Michael Cox reviews Churchill, Liz Lochhead: Making Nothing Happen and Jigsy.
Today was proof that a one-person show doesn’t have to follow the same outline. Three shows, all with one cast member, and yet they couldn’t be more different.
Big Ben chimes thirteen times, thus bringing to life the statues in Parliament Square for an hour. So begins Churchill (****), Pip Utton’s stirring monologue. The set-up might be gimmicky but the play is certainly not. Utton not only makes a great crack at portraying the statesman and his life but has also written a very solid script. Focused more on making Churchill into a man than a figure, the play finds ways of humanising his life and experiences.
It’s all very simple, but it is also very well done. Churchill is not only interesting and funny but is full of interesting information and facts about the man. It also makes one feel angry towards the modern political system and how our current leaders are letting us down in these, our own trying times.

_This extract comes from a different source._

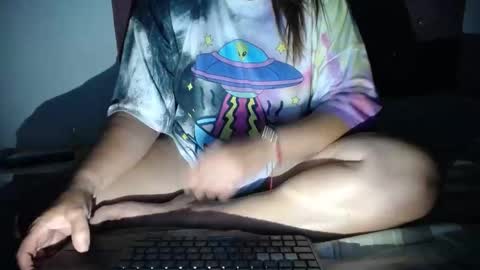 Miranda  Indep Model   Thank you very much for all your support online show from January 26, 3:17 am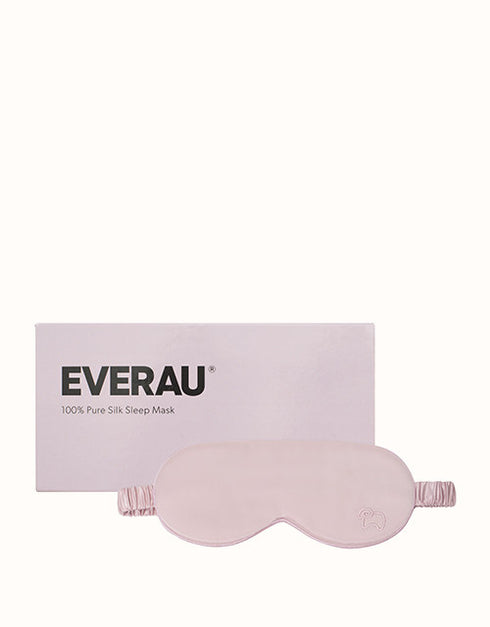 EVERAU® Sleep Mask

Liz Lochhead is a national treasure. She’s a great writer who is both charismatic and intelligent, and she has a stage presence that is equally warm and compelling. Any doubters looking for evidence need look no further than her current Fringe show Liz Lochhead: Making Nothing Happen (***). The show is exactly what it advertises itself as: for one hour, Lochhead reads selections from her cannon while chatting a bit about her life and inspirations.
It might not be wholly original, and some of the work might hit better than others, but the hour goes by quickly, and Lochhead makes for a great host. She might have been put off by the heat of the venue and had trouble with a poem she’d misplaced during the performance I saw, but Lochhead is nonetheless a compelling speaker and artist, and her voice is a refreshing antidote to the subpar writing that one can find during the Fringe Festival.
Like Jigsy (***). There is a genuinely great show buried somewhere within the script, but playwright Tony Staveacre hasn’t successfully found it. Jigsy is a seasoned comedian who speaks to us in the middle of a set, and he has seen a lot of interesting stuff—on and off the stage.
There are nuggets of greatness. The play has some fun insights into famous comedians, and there are some interesting personal scenarios concerning the protagonist, but the script is all over the place and doesn’t give the audience much to cling onto or care about; right when you feel like investing in something, it goes off in another direction without returning. It’s frustrating because, with a bit more development, this could really be a cracking story.
So thank goodness for Les Dennis, who not only gives a very grounded performance that manages to hit all the notes but more than rises above the material he is given. Playing the clown crying on the inside, Dennis is captivating to watch and manages to make the audience laugh and grimace, sometimes at the same thing. It’s a brave, committed performance that fans and non-fans alike should find worthy of their time, even if the play itself isn’t.
Churchill, Liz Lochhead: Making Nothing Happen and Jigsy are on at the Assembly Rooms on George Street. Check programme or website for dates and times.